And my father stood behind the table in the enclosure of the window, with his arms folded, and his chin lifted above his great black stock. I know how my father looked, for I have seen him stand like that before moving factors in great events, when he intended, at a certain cue, to enter.
He said that it was at this point that Mr. Lucian Morrow's early comment on Zindorf seemed, all at once, to discover the nature of this whole affair. He said that suddenly, with a range of vision like the great figures in the Pentateuch, he saw how things right and true would work out backward into abominations, if, by any chance, the virtue of God in events were displaced!
Zindorf returned, and as he stepped through the door, closing it behind him, the far-off tolling of the bell, faint, eerie, carried by a stronger breath of April air, entered through the window. My father extended his arm toward the distant wood.
“Zindorf,” he said, “do you mark the sign?” The man listened.
“What sign?” he said.
“The sign of death!” replied my father.
The man made a deprecating gesture with his hands, “I do not believe in signs,” he said.

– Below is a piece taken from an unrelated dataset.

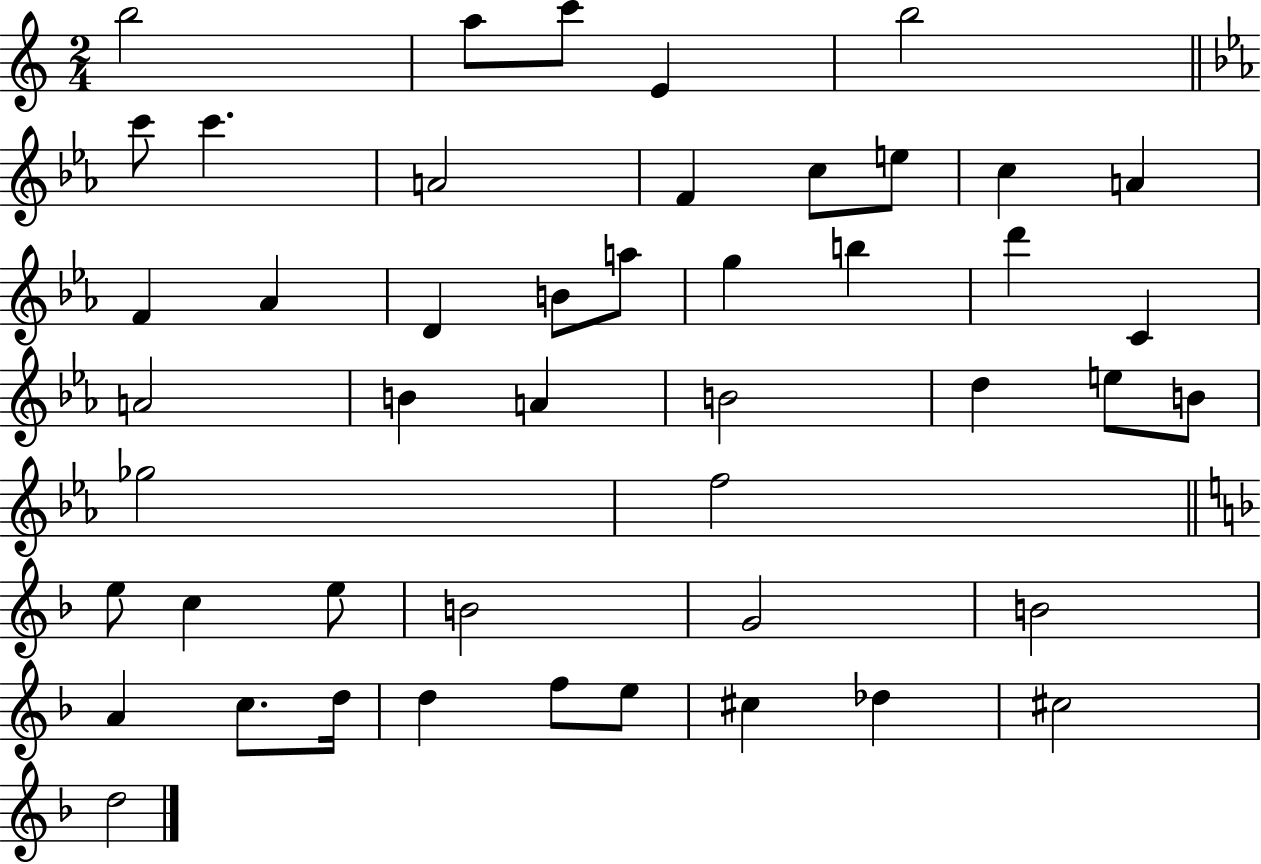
B5/h A5/e C6/e E4/q B5/h C6/e C6/q. A4/h F4/q C5/e E5/e C5/q A4/q F4/q Ab4/q D4/q B4/e A5/e G5/q B5/q D6/q C4/q A4/h B4/q A4/q B4/h D5/q E5/e B4/e Gb5/h F5/h E5/e C5/q E5/e B4/h G4/h B4/h A4/q C5/e. D5/s D5/q F5/e E5/e C#5/q Db5/q C#5/h D5/h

My father replied like one corrected by a memory.
“Why, yes,” he said, “that is true. I should have remembered that. You do not believe in signs, Zindorf, since you abandoned the sign of the cross, and set these coarse patches on your knees to remind you not to bend them in the sign of submission to the King of Kings.”
The intent in the mended clothing was the economy of avarice, but my father turned it to his use.